Problem details: Write out every entry word for word.
[[ Data section open ]]
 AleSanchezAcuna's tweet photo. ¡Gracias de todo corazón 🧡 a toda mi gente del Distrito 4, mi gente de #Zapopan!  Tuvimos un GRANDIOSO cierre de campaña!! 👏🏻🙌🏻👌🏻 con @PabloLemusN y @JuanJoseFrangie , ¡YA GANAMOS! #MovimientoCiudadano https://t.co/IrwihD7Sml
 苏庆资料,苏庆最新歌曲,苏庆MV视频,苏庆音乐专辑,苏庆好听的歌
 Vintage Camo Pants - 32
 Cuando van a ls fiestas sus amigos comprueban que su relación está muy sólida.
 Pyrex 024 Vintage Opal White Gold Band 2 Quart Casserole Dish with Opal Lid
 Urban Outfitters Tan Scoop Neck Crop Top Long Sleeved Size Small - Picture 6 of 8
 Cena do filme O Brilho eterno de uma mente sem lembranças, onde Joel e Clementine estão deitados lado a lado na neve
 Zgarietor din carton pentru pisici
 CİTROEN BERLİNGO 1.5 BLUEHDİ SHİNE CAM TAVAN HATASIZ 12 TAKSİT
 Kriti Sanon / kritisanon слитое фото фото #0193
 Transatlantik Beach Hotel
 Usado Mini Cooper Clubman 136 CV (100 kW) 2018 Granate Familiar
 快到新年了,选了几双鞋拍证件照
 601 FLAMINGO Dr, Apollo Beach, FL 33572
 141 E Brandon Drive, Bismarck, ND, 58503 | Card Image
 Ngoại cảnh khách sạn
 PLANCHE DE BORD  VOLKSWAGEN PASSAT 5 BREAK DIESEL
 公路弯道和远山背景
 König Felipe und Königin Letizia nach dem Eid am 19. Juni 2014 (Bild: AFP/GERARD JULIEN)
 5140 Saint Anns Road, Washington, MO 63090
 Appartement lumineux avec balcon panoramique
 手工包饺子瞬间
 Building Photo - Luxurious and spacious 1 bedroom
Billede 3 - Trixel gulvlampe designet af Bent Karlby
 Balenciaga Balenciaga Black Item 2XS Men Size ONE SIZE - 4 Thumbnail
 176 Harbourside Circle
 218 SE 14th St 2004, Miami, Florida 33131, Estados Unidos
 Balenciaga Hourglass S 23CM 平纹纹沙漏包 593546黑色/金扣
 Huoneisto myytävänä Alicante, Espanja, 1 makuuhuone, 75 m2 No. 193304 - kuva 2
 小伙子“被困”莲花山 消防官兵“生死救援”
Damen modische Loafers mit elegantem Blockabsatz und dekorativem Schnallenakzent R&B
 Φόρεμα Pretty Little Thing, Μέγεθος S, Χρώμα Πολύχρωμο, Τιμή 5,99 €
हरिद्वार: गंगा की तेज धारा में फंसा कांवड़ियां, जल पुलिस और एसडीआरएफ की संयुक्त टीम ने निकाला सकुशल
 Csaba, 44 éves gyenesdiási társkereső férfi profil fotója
[[ Data section closed ]]
Problem solution:
 AleSanchezAcuna's tweet photo. ¡Gracias de todo corazón 🧡 a toda mi gente del Distrito 4, mi gente de #Zapopan!  Tuvimos un GRANDIOSO cierre de campaña!! 👏🏻🙌🏻👌🏻 con @PabloLemusN y @JuanJoseFrangie , ¡YA GANAMOS! #MovimientoCiudadano https://t.co/IrwihD7Sml
 苏庆资料,苏庆最新歌曲,苏庆MV视频,苏庆音乐专辑,苏庆好听的歌
 Vintage Camo Pants - 32
 Cuando van a ls fiestas sus amigos comprueban que su relación está muy sólida.
 Pyrex 024 Vintage Opal White Gold Band 2 Quart Casserole Dish with Opal Lid
 Urban Outfitters Tan Scoop Neck Crop Top Long Sleeved Size Small - Picture 6 of 8
 Cena do filme O Brilho eterno de uma mente sem lembranças, onde Joel e Clementine estão deitados lado a lado na neve
 Zgarietor din carton pentru pisici
 CİTROEN BERLİNGO 1.5 BLUEHDİ SHİNE CAM TAVAN HATASIZ 12 TAKSİT
 Kriti Sanon / kritisanon слитое фото фото #0193
 Transatlantik Beach Hotel
 Usado Mini Cooper Clubman 136 CV (100 kW) 2018 Granate Familiar
 快到新年了,选了几双鞋拍证件照
 601 FLAMINGO Dr, Apollo Beach, FL 33572
 141 E Brandon Drive, Bismarck, ND, 58503 | Card Image
 Ngoại cảnh khách sạn
 PLANCHE DE BORD  VOLKSWAGEN PASSAT 5 BREAK DIESEL
 公路弯道和远山背景
 König Felipe und Königin Letizia nach dem Eid am 19. Juni 2014 (Bild: AFP/GERARD JULIEN)
 5140 Saint Anns Road, Washington, MO 63090
 Appartement lumineux avec balcon panoramique
 手工包饺子瞬间
 Building Photo - Luxurious and spacious 1 bedroom
Billede 3 - Trixel gulvlampe designet af Bent Karlby
 Balenciaga Balenciaga Black Item 2XS Men Size ONE SIZE - 4 Thumbnail
 176 Harbourside Circle
 218 SE 14th St 2004, Miami, Florida 33131, Estados Unidos
 Balenciaga Hourglass S 23CM 平纹纹沙漏包 593546黑色/金扣
 Huoneisto myytävänä Alicante, Espanja, 1 makuuhuone, 75 m2 No. 193304 - kuva 2
 小伙子“被困”莲花山 消防官兵“生死救援”
Damen modische Loafers mit elegantem Blockabsatz und dekorativem Schnallenakzent R&B
 Φόρεμα Pretty Little Thing, Μέγεθος S, Χρώμα Πολύχρωμο, Τιμή 5,99 €
हरिद्वार: गंगा की तेज धारा में फंसा कांवड़ियां, जल पुलिस और एसडीआरएफ की संयुक्त टीम ने निकाला सकुशल
 Csaba, 44 éves gyenesdiási társkereső férfi profil fotója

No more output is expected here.